Jon Solomon of CBS Sports with a story on how the SEC is considering a change to its graduate transfer rule at the behest of South Carolina:

  • Allow all graduate-student transfers to play immediately in the SEC.

  • Let all graduate-student transfers play immediately in the SEC except in football. “The sport of football is excluded from this proposal in order to alleviate concerns related to lack of academic accountability for graduate students who might enroll for the fall term only and subsequently professionalize themselves,” the proposal says.

  • Open up graduate-student transfers in the SEC only in basketball. “Since the basketball competitive season stretches into the spring semester, student-athletes remain academically accountable in order to remain eligible to compete,” the proposal states. “Basketball graduate students also remain accountable for the ‘E’ points in APR (eligibility), and institutions consequently have an interest in ensuring these student-athletes continue to succeed academically.”

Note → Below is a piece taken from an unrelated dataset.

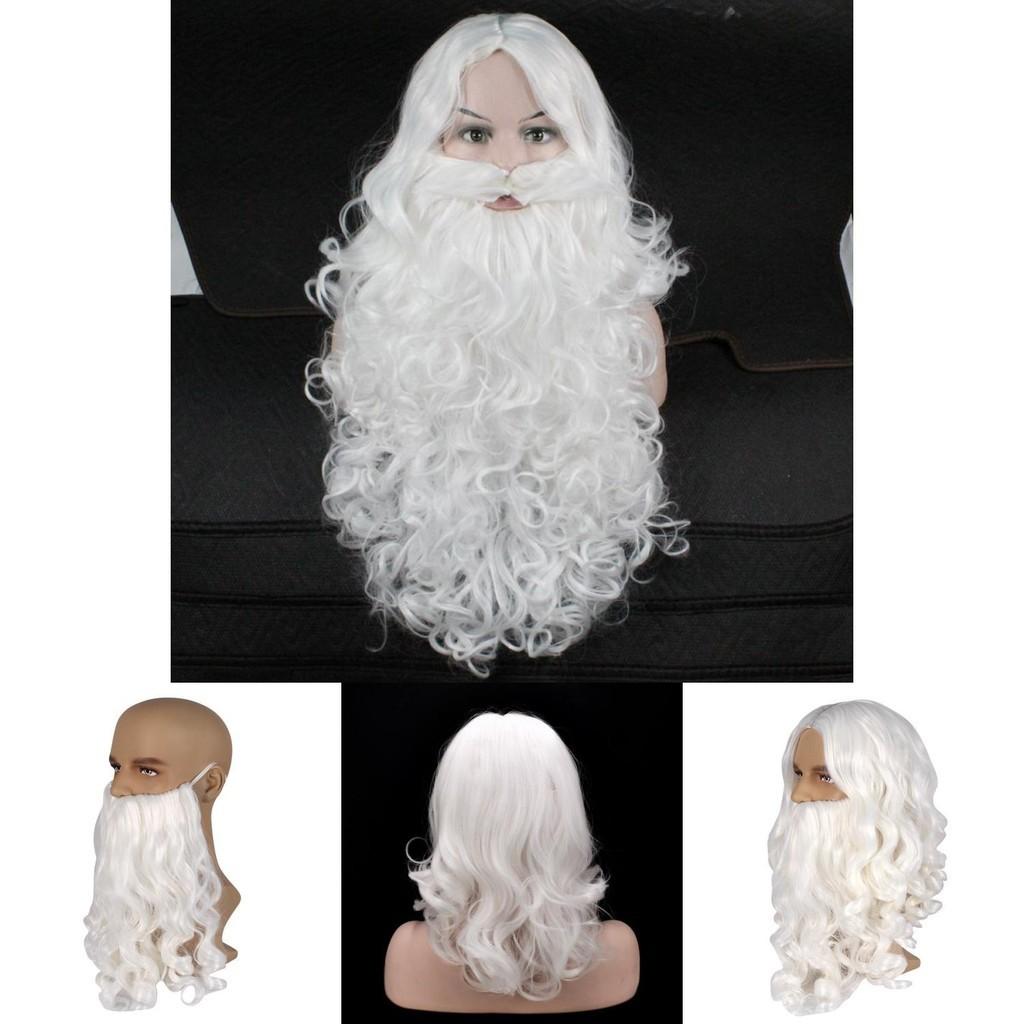 Weihnachten Weihnachtsmann Bart Perücke Erwachsener Cosplay Kostüm Zubehör Hohe Qualität Hitzebeständige Synthetische Faser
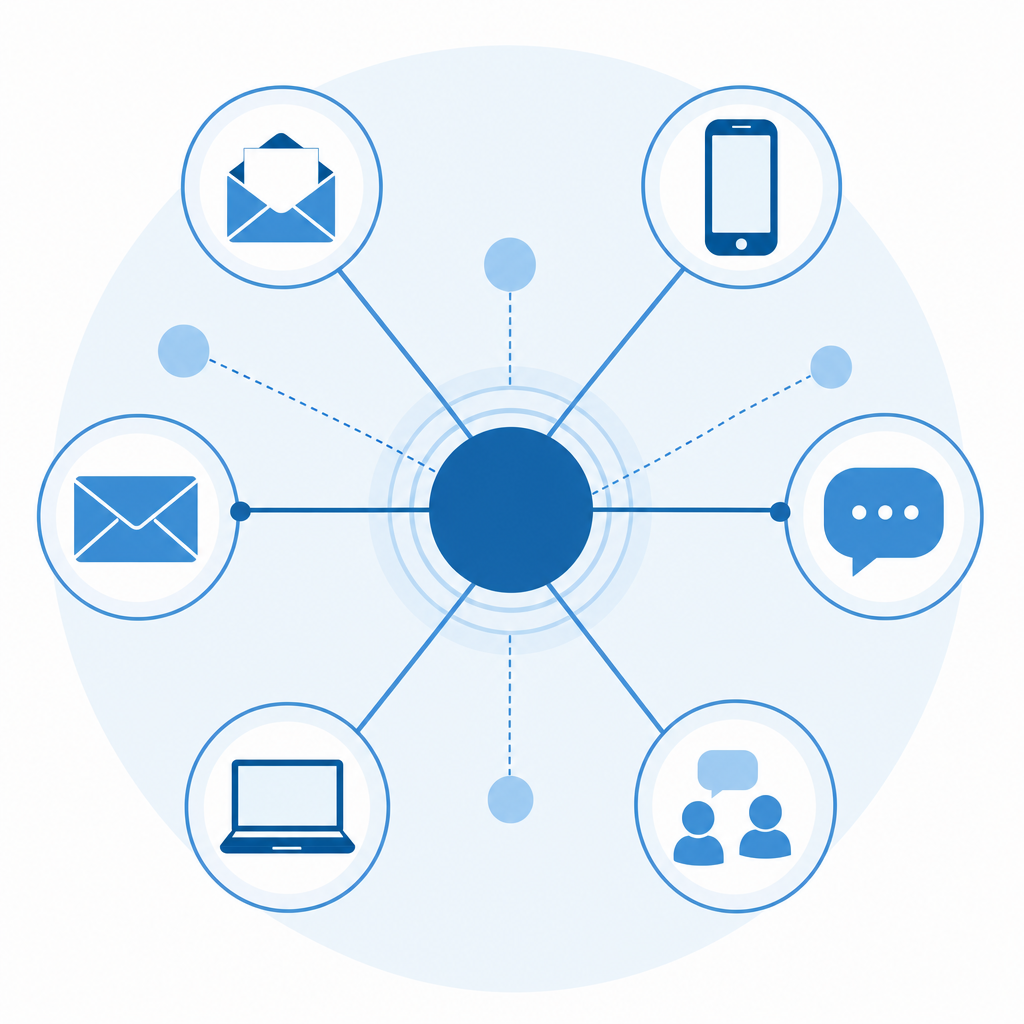 Modern business communication concept showing multiple communication channels connecting to a central point, including email envelopes, mobile phone, laptop computer, and messaging icons, arranged in a clean professional diagram style with blue and white color scheme, minimalist flat design, no text or letters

The existence of the other two proposals is close to a guarantee that the simpler first proposal will not be adopted. The basketball-only proposal does not make any sense though, especially coming from former baseball coach-turned AD Ray Tanner. Baseball requires athletes to be eligible for the fall in order to be eligible for the spring, does not allow mid-year transfers, and keeps athletes on campus and connected to the academic environment longer than basketball. The same logic applies to virtually any spring or two-semester sport like golf, tennis, track and field, swimming and diving, softball, etc.

Likewise the all-but-football proposal ignores the possibility of athletes in other fall sports professionalizing themselves after the fall semester. It might be more prevalent in football but it exists in volleyball, soccer, and cross country.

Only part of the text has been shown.